TRL supports the Outcome-supervised Reward Modeling (ORM) Trainer for training reward models.

This post-training method was contributed by Younes Belkada.

Quick start#

This example demonstrates how to train a reward model using the RewardTrainer from TRL. We train a Qwen 3 0.6B model on the UltraFeedback dataset, large-scale, fine-grained, diverse preference dataset.

from trl import RewardTrainer
from datasets import load_dataset

trainer = RewardTrainer(
    model="Qwen/Qwen3-0.6B",
    train_dataset=load_dataset("trl-lib/ultrafeedback_binarized", split="train"),
)
trainer.train()

Expected dataset type and format#

RewardTrainer supports preference datasets type (both implicit and explicit prompt). The RewardTrainer is compatible with both standard and conversational dataset formats. When provided with a conversational dataset, the trainer will automatically apply the chat template to the dataset.

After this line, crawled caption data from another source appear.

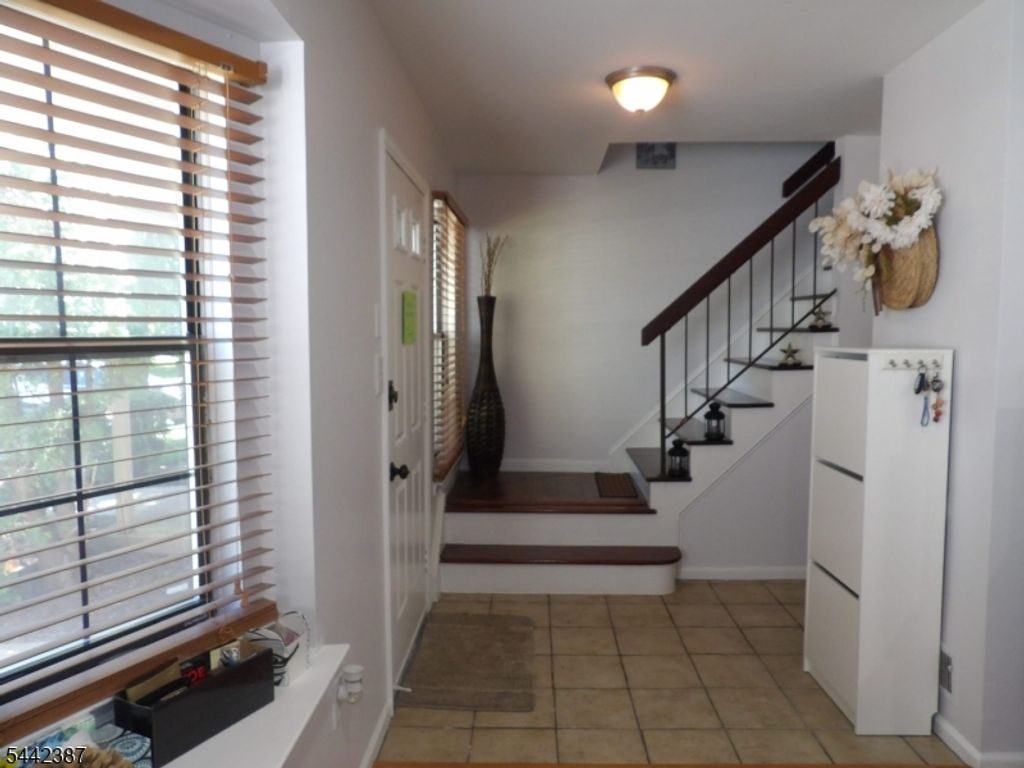 605 Timber Oaks Rd, Edison Twp., NJ 08820 — photo 5
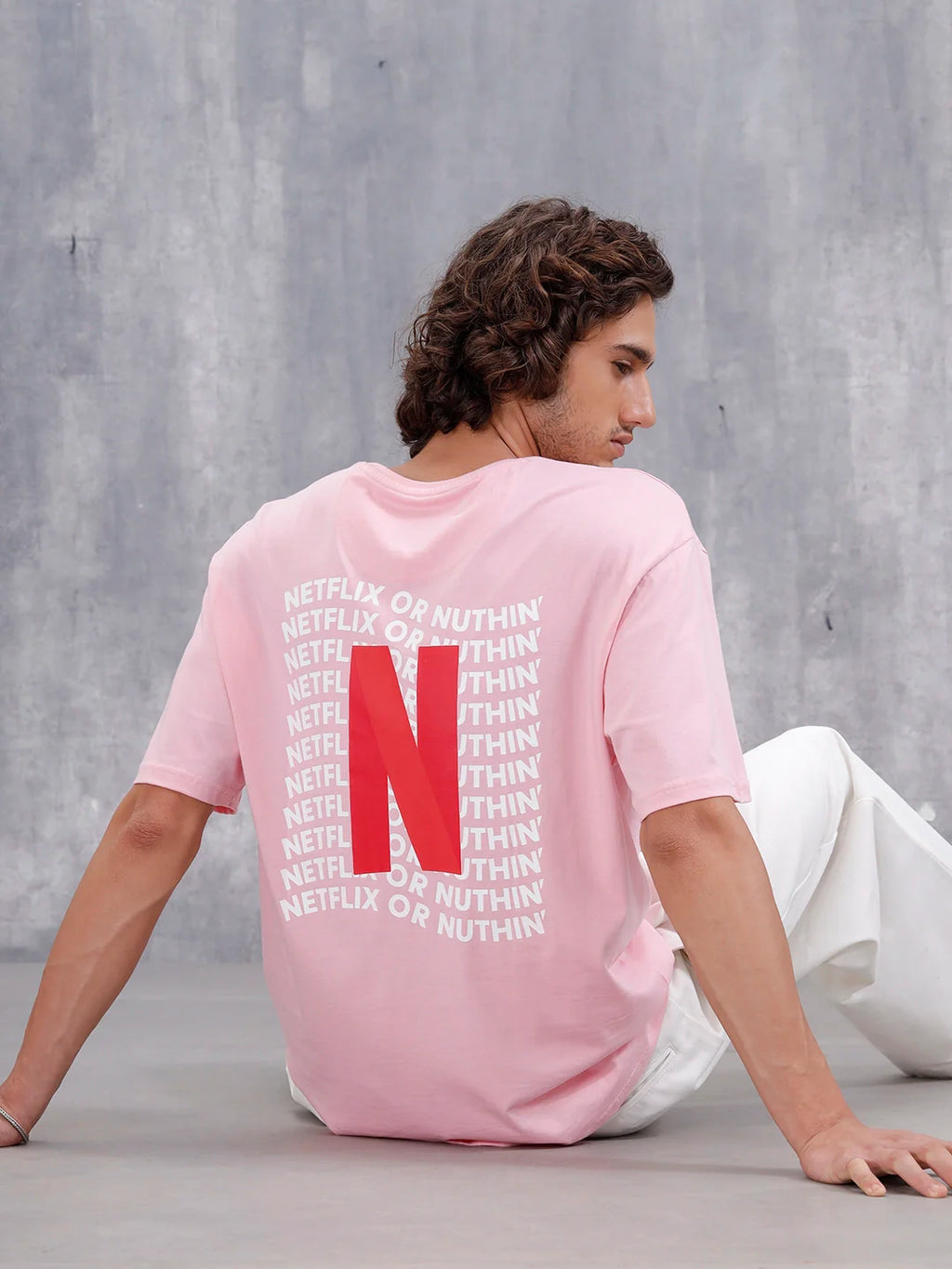 Casual Men’s Oversized T-Shirt Featuring Netflix | Pink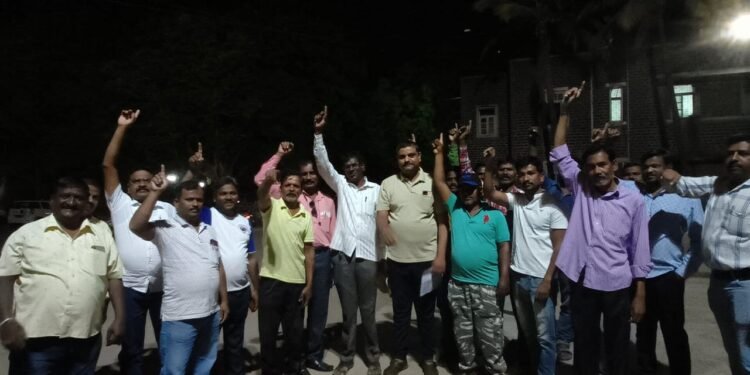 सोशल मीडियावर डॉ. बाबासाहेब आंबेडकर यांच्याबद्दल आक्षेपार्ह लिखाण करणाऱ्या अभि गडदे या व्यक्तीवर अट्रोसिटी ऍक्ट अतर्गत गुन्हा दाखल करून अटक करा.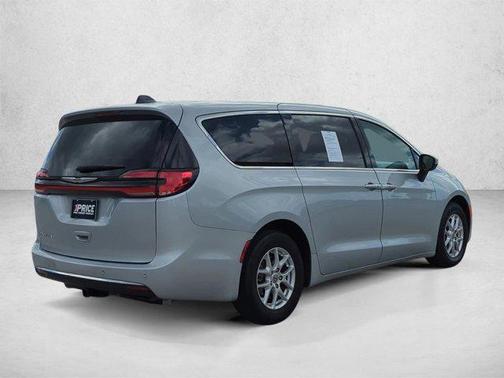 Silver Mist Clearcoat 2023 Chrysler Pacifica Touring L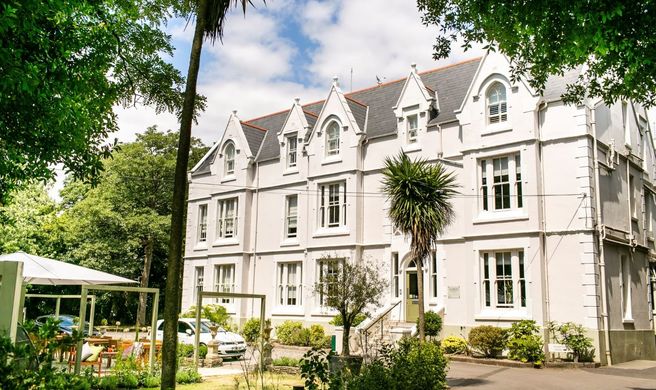 Green House Hotel Exterior
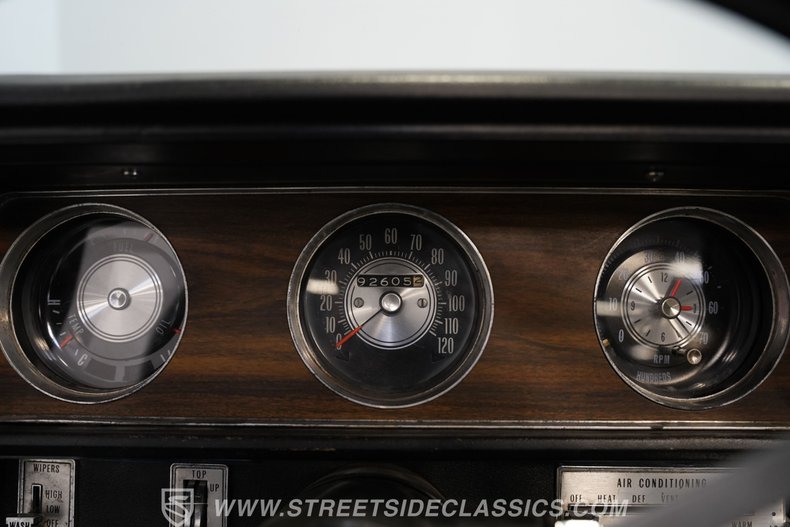 Oldsmobile-Cutlass-1970-Black-Black-43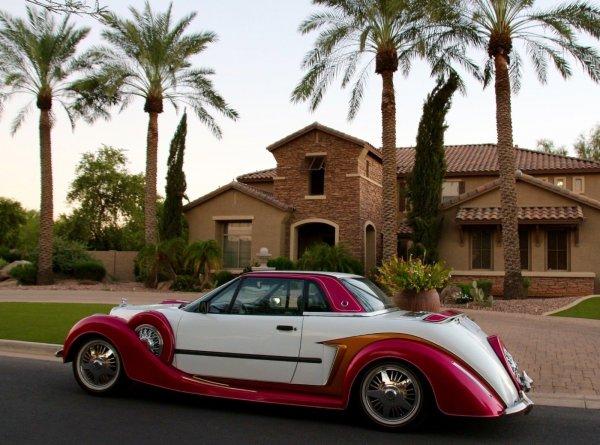 Toplama bilgisayar gibi 1951 model araba yaptı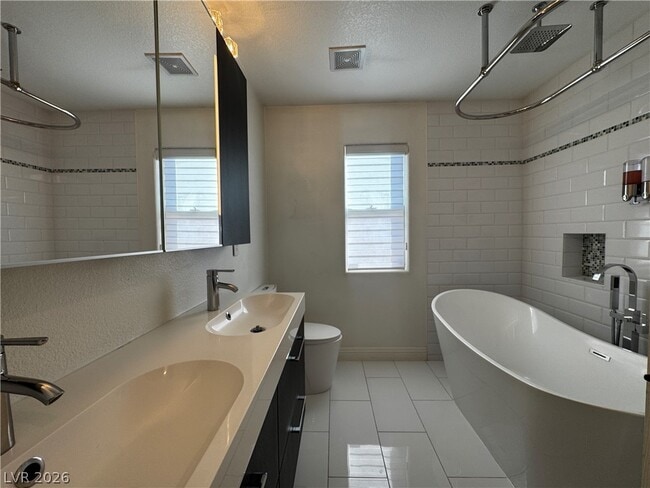 Building Photo - 956 Puerta Del Sol Dr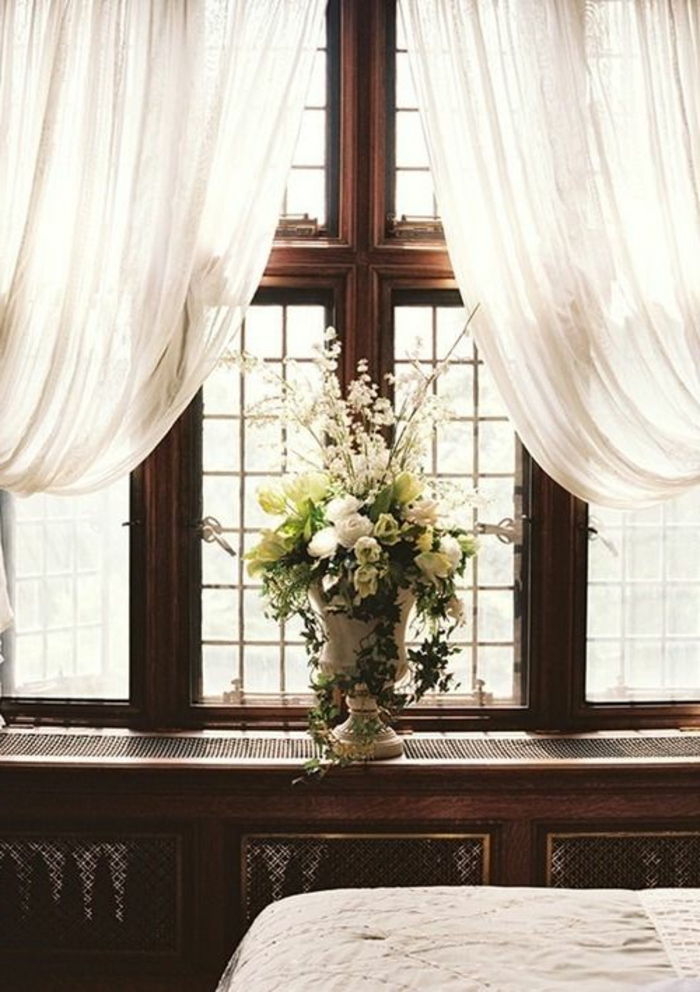 mediniai palangės langų apdailos užuolaidos ir vazos su gėlėmis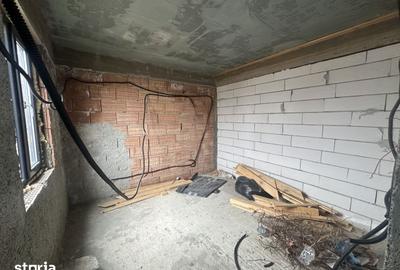 Casă cu 5 camere cu Teren 242 Mp în Ștefăneștii de Jos - 7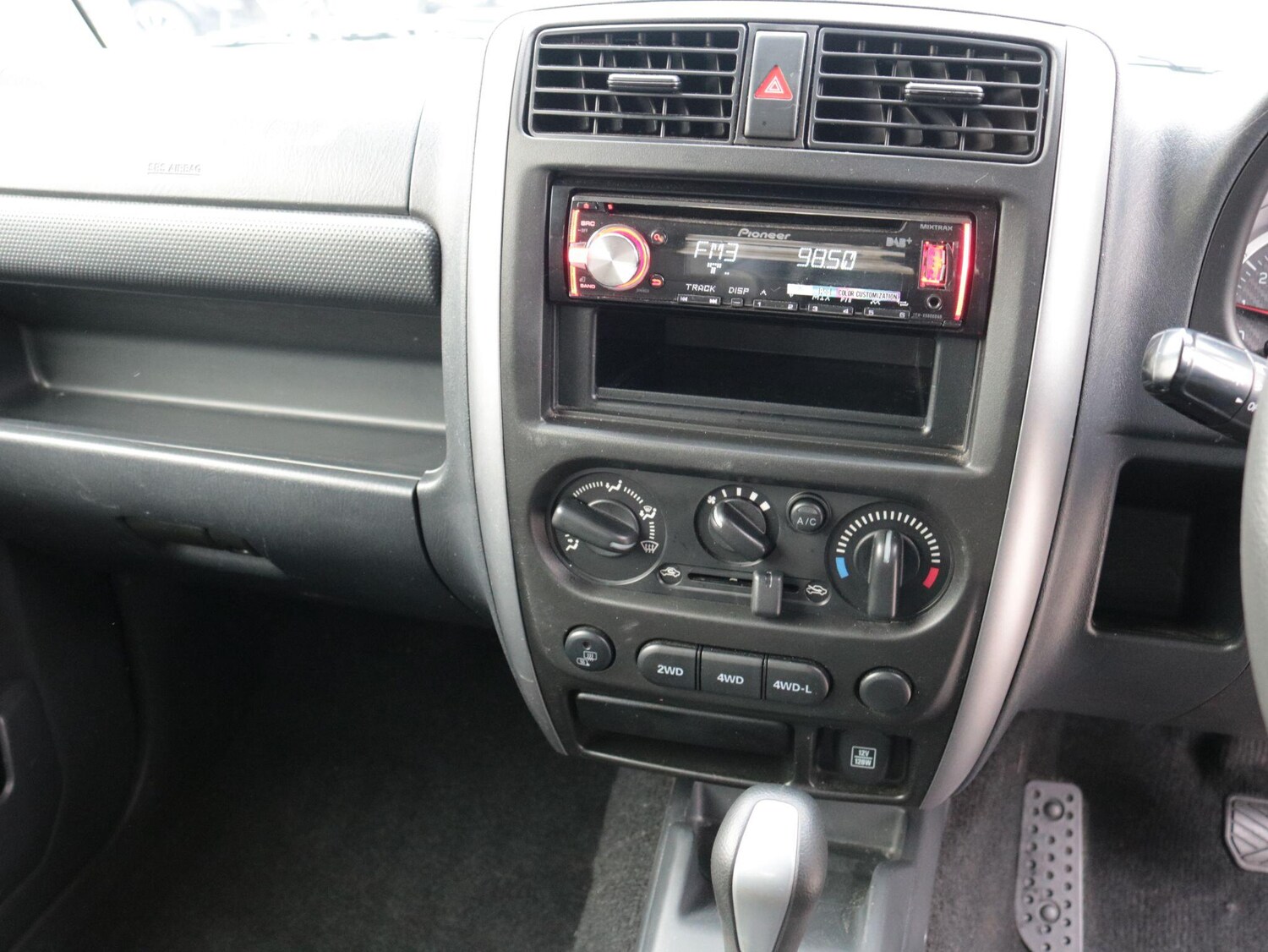 Used Suzuki Jimny 2017 for sale - 76295344: Photo 22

# Standard preference (implicit prompt)
{"chosen": "The sky is blue.",
 "rejected": "The sky is green."}

# Conversational preference (implicit prompt)
{"chosen": [{"role": "user", "content": "What color is the sky?"},
            {"role": "assistant", "content": "It is blue."}],
 "rejected": [{"role": "user", "content": "What color is the sky?"},
              {"role": "assistant", "content": "It is green."}]}

# Standard preference (explicit prompt)
{"prompt": "The sky is",
 "chosen": " blue.",
 "rejected": " green."}

# Conversational preference (explicit prompt)
{"prompt": [{"role": "user", "content": "What color is the sky?"}],
 "chosen": [{"role": "assistant", "content": "It is blue."}],
 "rejected": [{"role": "assistant", "content": "It is green."}]}

If your dataset is not in one of these formats, you can preprocess it to convert it into the expected format. Here is an example with the lmarena-ai/arena-human-preference-55k dataset:

from datasets import load_dataset
import json

dataset = load_dataset("lmarena-ai/arena-human-preference-55k")

# Filter out ties
dataset = dataset.filter(lambda example: example["winner_tie"] == 0)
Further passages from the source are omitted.